The Authorizer platform is composed of three primary systems:

  • access-controller - An access-controller serves RPCs for Check, Expand, Read, Write, and RPCs to administer namespace configs.

  • access-watcher - An access-watcher serves Watch RPCs and streams changes from a changelog in near real-time to clients interested in changes to one or more namespaces.

  • access-indexer - An indexing system used to optimize operations on large and deeply nested sets. It reads periodic snapshots of ACL data and watches for changes between snapshots. It performs transformations on that data, such as denormalization, and responds to requests from access-controllers.
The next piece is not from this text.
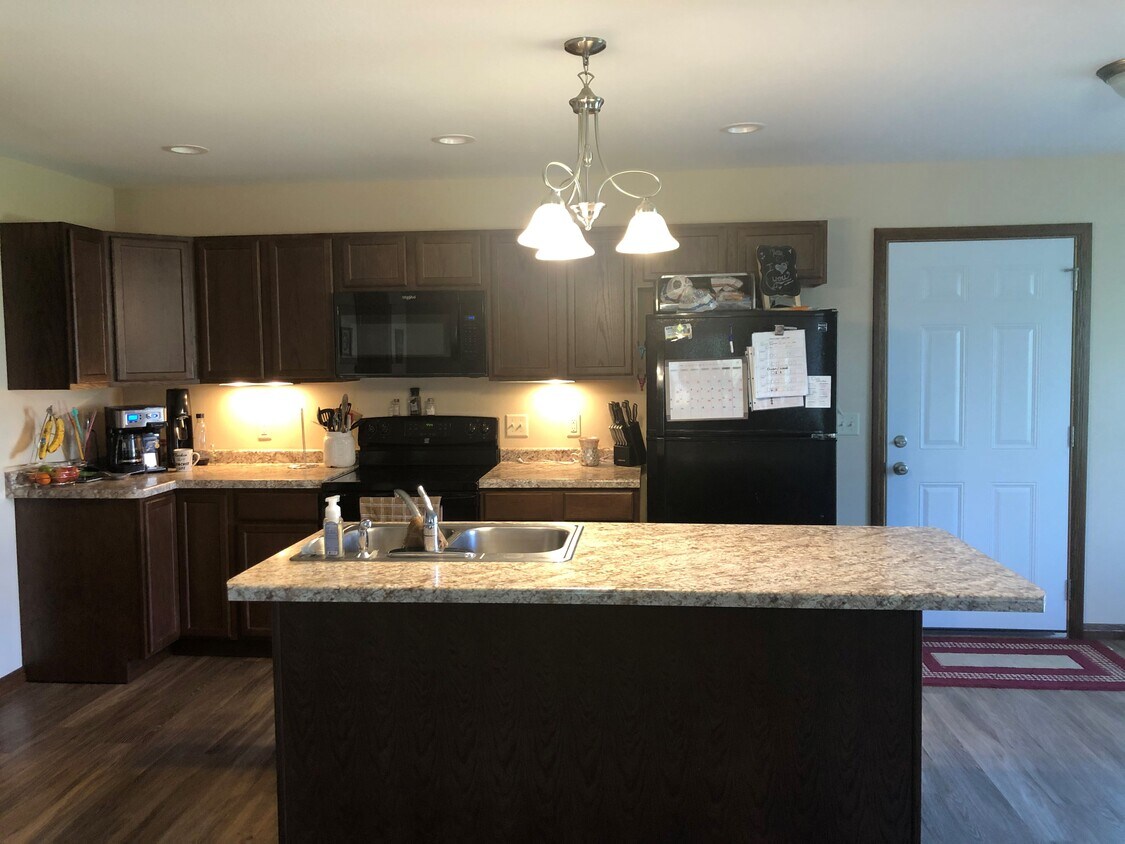 Cocina - 339 Railroad Ave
Namespace Configuration Storage#

Namespace Configurations are persisted across two database tables. One table contains the configs and is indexed by namespace. The other is a namespace config changelog that stores config updates and is indexed by commit timestamp. This structure allows the access-controller servers to initially load configs on startup and also continuously monitor namespace config changes at runtime.

Changes to namespace configs can affect the outcome of authorization evaluations, and therefore their correctness. Thefore, each access-controller chooses a single snapshot timestamp for namespace config metadata when evaluating a client request. All access-controllers in a cluster use the same timestamp for the same request, including any subrequests that fan out from the original client request.

Each access-controller independently loads namespace configs from storage continuously as they change. An access-controller in a cluster may have access to a different range of namespace config timestamps due to restarts or network latency, and thus an access-controller must pick a timestamp that is available across the quorum of members in the cluster. To facilitate this, each access-controller implements a background monitoring job that tracks the timestamp range available to every cluster member and aggregates them. On each incoming request an access-controller picks a time from this range, ensuring that all requests can continue to be served even if they are no longer able to read from the config storage.

Relation Tuple Storage#

Relation tuples are persisted across separate namespace tables. A relation tuple is identified by a primary key of the form (object, relation, subject, timestamp). Multiple tuple versions are stored on different rows, thus allowing authorization checks to be evaluated within a certain time window.

Changelog#

The Authorizer platform maintains a changelog that stores a history of changes to relation tuples. For every mutation that is commited to relation tuple storage, an additional mutation is applied within the same transaction to the changelog. The changelog allows the access-watcher to serve Watch requests. The WatchService API allows clients to continuously monitor changes to relation tuples in one or more namespaces and maintain secondary indices of the relation tuples. This can help clients create authorization-aware search indices for web frontends or other use cases.